The second phase of the archaeological investigations in the prehistoric Alugalge Cave in Balangoda has been initiated in the late February 2017.
This cave was first excavated in July 2015 and has yielded an assemblage of artifacts suggesting the prehistoric occupation at the location during the mid/late Holocene. One of the notable characteristics of the stone implements (quartz) recovered is the presence of hyper-microliths; length of some of the lunates of that kind are not exceeding 4mm. Other artifacts excavated include bone points, pieces of graphite with the marks of heavy aberration, small grind-stones, etc. Plant materials reported are residues of charred nuts (Canerium Zelanicum), seeds (probably Oriza sp.) and some of the specimens in the assemblage are waiting to be identified. The abundance of terrestrial shells (Acavus sp., Oligospeira sp.) among the food residues indicates that the cave was inhabited by the prehistoric communities in a period of relatively wet climatic condition was prevailed.

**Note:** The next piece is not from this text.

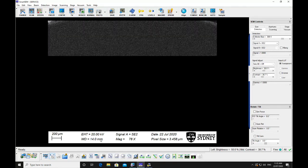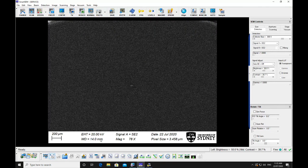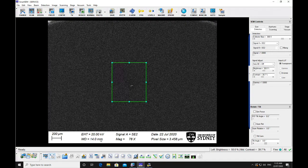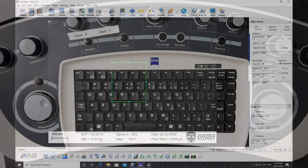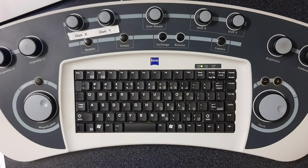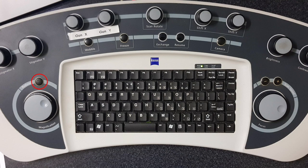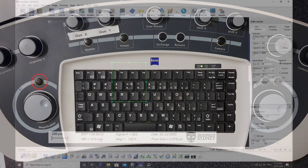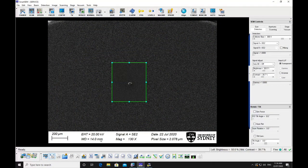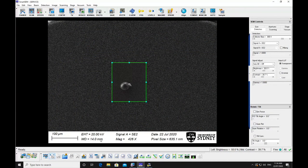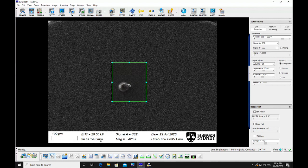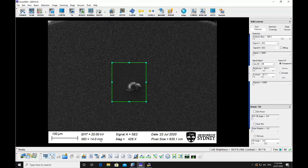Refocus the image and adjust for stigmation at higher magnifications. Use the reduced area scan by selecting reduced on the hard panel. And selecting a slower scan speed will make the focusing easier at higher magnifications.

Some of the non-utilitarian artifacts found (a grid drawn on an undressed stone surface) have strongly suggest a conceptual inclination towards symbolism which has been considered as one of the explicit manifestation of the hunters in transition. Prehistoric deposit of the Alugalage cave has been dated to the 3505 cal. BCE. This project is funded by the Postgraduate Institute of Archaeology and the National Science Foundation (research grant number IK/2014/01).